:: The data ::

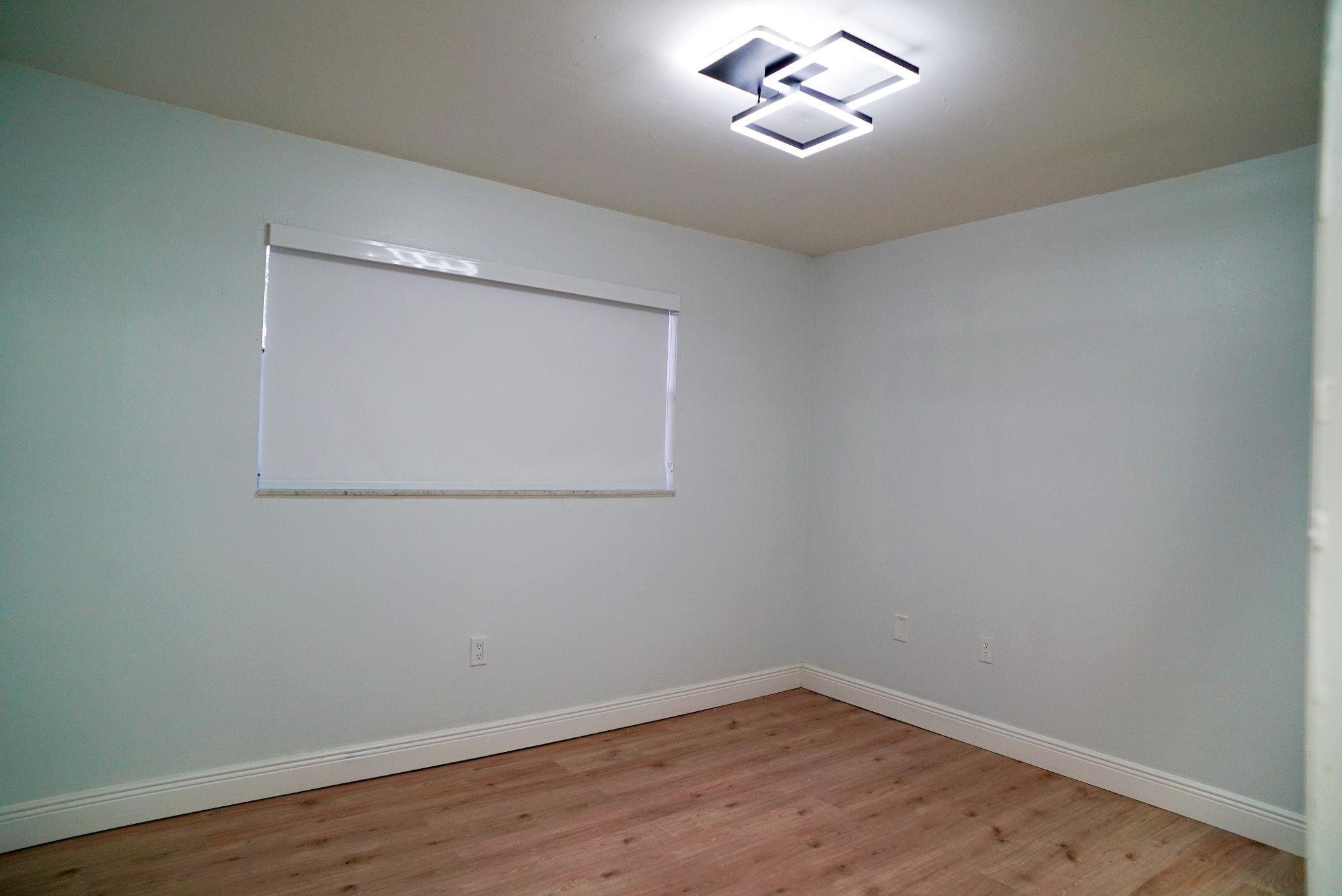 2780 North Pine Island Road, Unit 211 Sunrise, FL 33322 - Photo 15 of 21 Photo 15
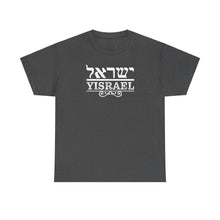 Load image into Gallery viewer, Yisrael Tee
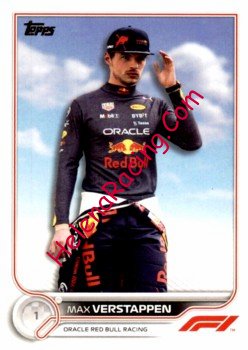 2022 Topps-002.jpg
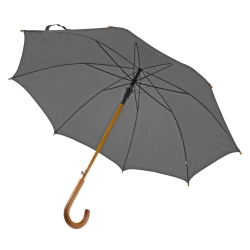 Parasol automatyczny Hayden V4201-19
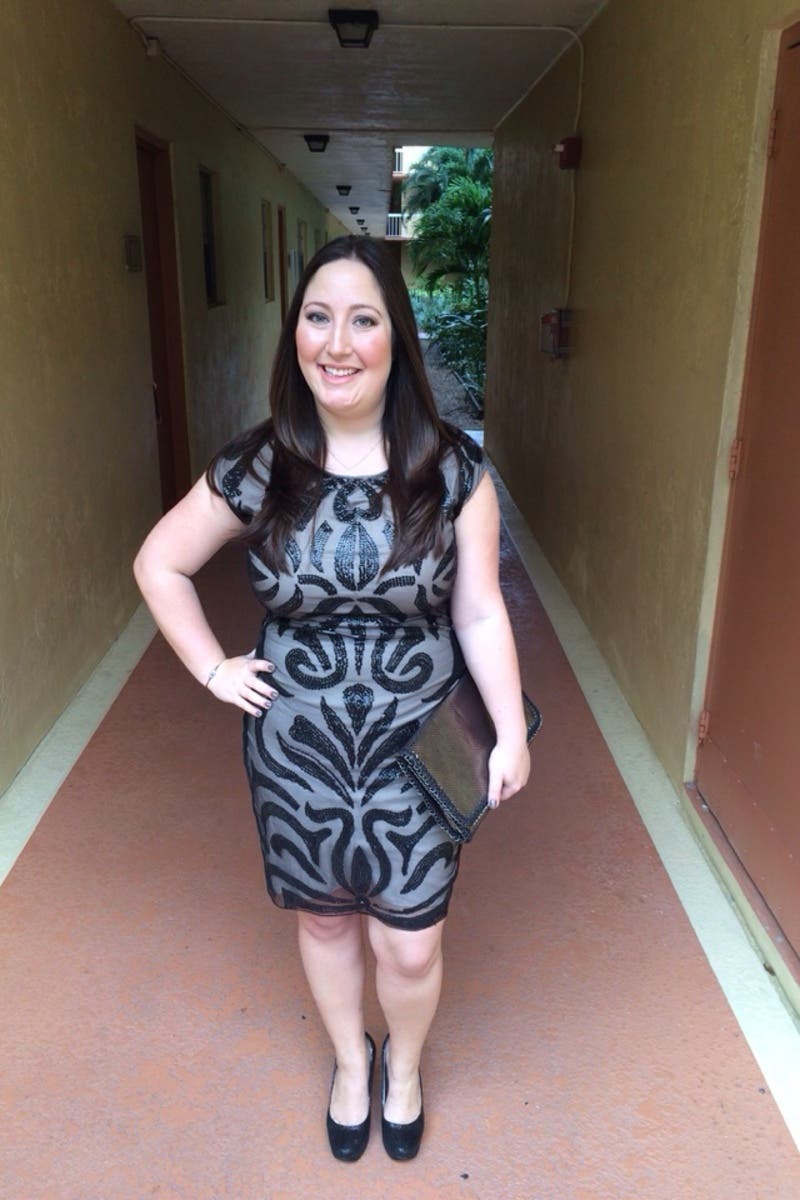 review thumbnail images 12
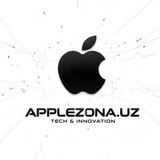 Telegram profile photo for 📱Apple Zona
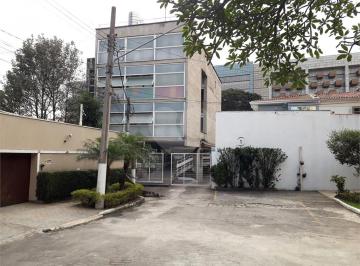 Sem Categoria · Prédio inteiro à venda em Perdizes - SP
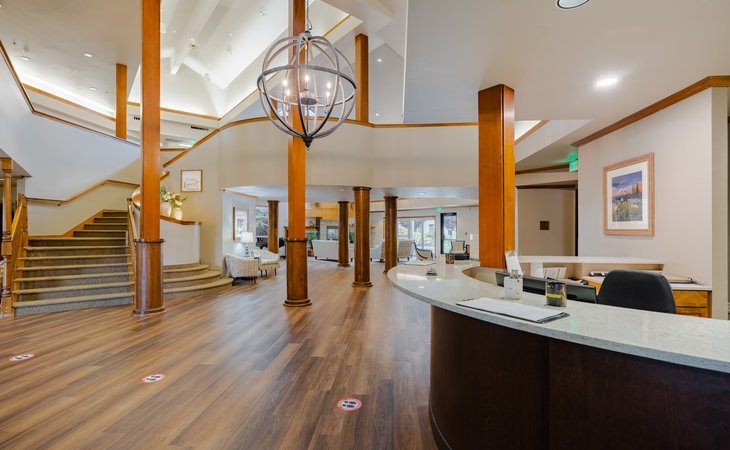 mill-ridge-village-98354-1237790_2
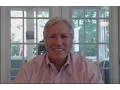Sales Jobs In Denver - Where Are The Best Opportunities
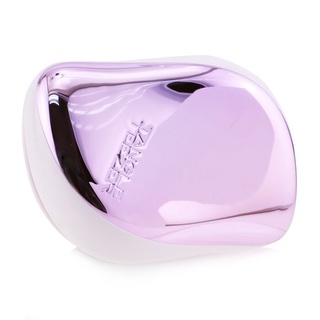 Tangle Teezer - แฮร์บรู จัดแต่งทรงผม ขนาดกะทัดรัด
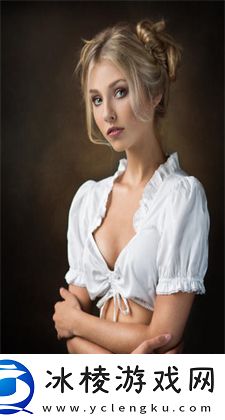 魅魔母爱第三季动漫主要内容：揭开魅魔母爱第三季的故事篇章-探索母亲与孩子之间的深情与冒险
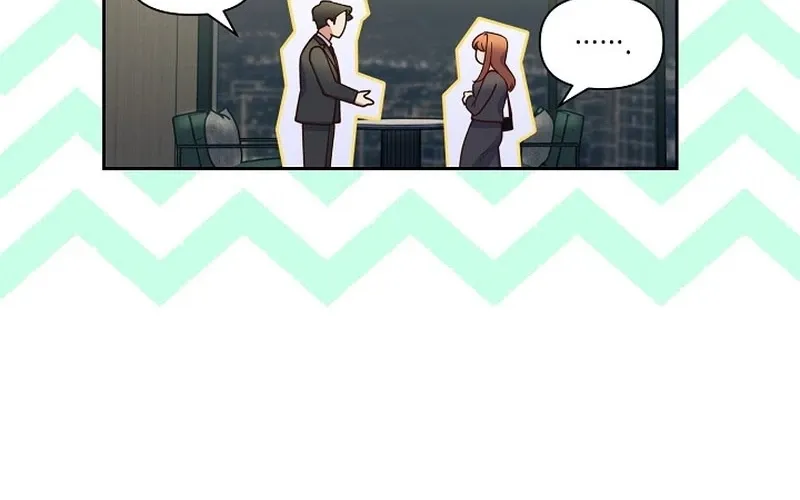Emergency Blind Date  Chapter 2 page 48 - 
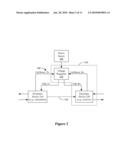 Optimized Power Supply for an Electronic System diagram and image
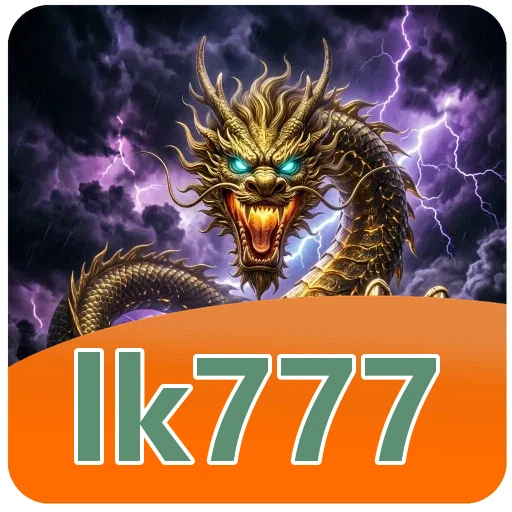 Ilustrasi persyaratan Android untuk lk777 4.8.1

:: Description of the task ::
Give back exactly, and solely, the section of the data above bounded by the line containing "review thumbnail images 12" and the line containing "魅魔母爱第三季动漫主要内容：", both bounding lines included and pictures omitted.

:: Written reply ::
 review thumbnail images 12
 Telegram profile photo for 📱Apple Zona
 Sem Categoria · Prédio inteiro à venda em Perdizes - SP
 mill-ridge-village-98354-1237790_2
Sales Jobs In Denver - Where Are The Best Opportunities
 Tangle Teezer - แฮร์บรู จัดแต่งทรงผม ขนาดกะทัดรัด
 魅魔母爱第三季动漫主要内容：揭开魅魔母爱第三季的故事篇章-探索母亲与孩子之间的深情与冒险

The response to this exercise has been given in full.